Dans le titre VII, introduit par l'Assemblée nationale, l'article 20 A consolide la politique mémorielle de l'esclavage en fixant au 10 mai la journée nationale de commémoration de la traite, de l'esclavage et de leurs abolitions, et en créant une nouvelle journée nationale de commémoration en hommage aux victimes de l'esclavage colonial, fixée au 23 mai.

À l'article 21 bis, l'Assemblée nationale a prévu la transformation du Conseil consultatif des populations amérindiennes et bushinenge en un Grand Conseil coutumier des populations amérindiennes et bushinenges, afin de lui donner une plus grande visibilité.

L'article 26 autorise l'expérimentation, pour cinq ans, d'une mutualisation des politiques de ressources humaines des agents de l'État sur les territoires de Saint-Pierre-et-Miquelon, Saint-Barthélemy, Saint-Martin et dans les îles Wallis et Futuna, sous la forme d'une direction des ressources humaines unique placée, dans chaque collectivité, sous l'autorité du représentant de l'État.

Les articles 30 bis, 30 ter, 30 quater et 30 quinquies ont pour objet d'étendre à différentes catégories d'agents publics, en Nouvelle-Calédonie et en Polynésie française, le pouvoir de rechercher et de constater des infractions édictées localement en matière environnementale, de sécurité routière et sanitaire.

Afin de donner une base symbolique et juridique forte à l'existence des délégations parlementaires aux outre-mer, l'article 31 confère à ces dernières une consécration législative tout en renforçant certaines de leurs prérogatives.

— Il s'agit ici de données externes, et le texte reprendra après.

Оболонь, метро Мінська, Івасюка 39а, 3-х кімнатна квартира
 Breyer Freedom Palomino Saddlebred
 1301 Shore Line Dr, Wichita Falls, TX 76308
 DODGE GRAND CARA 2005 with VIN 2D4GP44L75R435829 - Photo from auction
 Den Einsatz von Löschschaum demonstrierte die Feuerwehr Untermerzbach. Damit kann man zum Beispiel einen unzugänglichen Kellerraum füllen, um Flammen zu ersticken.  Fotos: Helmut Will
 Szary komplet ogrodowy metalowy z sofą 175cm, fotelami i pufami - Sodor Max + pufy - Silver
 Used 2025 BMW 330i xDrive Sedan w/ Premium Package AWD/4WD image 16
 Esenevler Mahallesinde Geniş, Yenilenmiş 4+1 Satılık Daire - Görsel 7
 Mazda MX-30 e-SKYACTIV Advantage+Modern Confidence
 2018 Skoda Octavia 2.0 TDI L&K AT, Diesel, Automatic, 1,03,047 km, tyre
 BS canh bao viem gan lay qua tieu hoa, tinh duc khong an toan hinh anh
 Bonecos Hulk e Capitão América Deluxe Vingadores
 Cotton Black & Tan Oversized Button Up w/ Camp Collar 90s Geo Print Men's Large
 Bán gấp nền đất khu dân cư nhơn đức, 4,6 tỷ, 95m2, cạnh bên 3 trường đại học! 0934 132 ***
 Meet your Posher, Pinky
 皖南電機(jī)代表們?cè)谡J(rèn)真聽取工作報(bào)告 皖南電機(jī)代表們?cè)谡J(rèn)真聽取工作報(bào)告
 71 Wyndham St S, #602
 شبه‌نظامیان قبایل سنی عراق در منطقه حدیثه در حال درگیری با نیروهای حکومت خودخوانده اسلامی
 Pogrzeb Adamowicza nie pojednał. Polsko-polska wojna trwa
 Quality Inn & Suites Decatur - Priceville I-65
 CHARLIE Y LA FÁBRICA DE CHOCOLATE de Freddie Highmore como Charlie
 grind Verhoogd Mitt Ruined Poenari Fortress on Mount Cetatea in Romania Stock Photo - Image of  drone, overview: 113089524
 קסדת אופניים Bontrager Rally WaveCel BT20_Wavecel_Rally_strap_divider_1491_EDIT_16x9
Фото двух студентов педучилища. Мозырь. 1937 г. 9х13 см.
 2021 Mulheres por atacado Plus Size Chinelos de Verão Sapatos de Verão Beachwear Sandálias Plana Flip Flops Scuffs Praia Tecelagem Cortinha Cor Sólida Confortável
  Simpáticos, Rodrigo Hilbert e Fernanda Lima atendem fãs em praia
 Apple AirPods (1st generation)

L'article 33 proroge de trois ans le délai accordé pour achever la transformation des plans d'occupation des sols (POS) en plans locaux d'urbanisme (PLU) dans les seules communes d'outre-mer.

L'article 34 prévoit l'expérimentation, pendant une durée de trois ans, dans les départements et les régions d'outre-mer qui en font la demande, d'un dispositif d'attraction des talents étrangers.

Le titre XI, lui aussi introduit par l'Assemblée nationale, est composé du seul article 35 qui crée, à titre expérimental, des observatoires des violences faites aux femmes.

Je vous proposerai plusieurs amendements.

Il s'agit notamment d'insérer à l'article 1er les dispositions prévues aux articles 2 et 3, portant sur le caractère concerté des politiques publiques de convergence et sur la prise en compte des caractéristiques des collectivités ultramarines et, par conséquent, de supprimer ces deux derniers articles.

J'ai de nombreuses réserves quant à la création d'une nouvelle journée nationale de commémoration en hommage aux victimes de l'esclavage colonial le 23 mai, proposée à l'article 20 A.

Par ailleurs, je vous proposerai de supprimer la pléthore de demandes de rapports insérées par l'Assemblée nationale dans le projet de loi, ainsi que certains articles dont les dispositions sont déjà satisfaites par le droit en vigueur.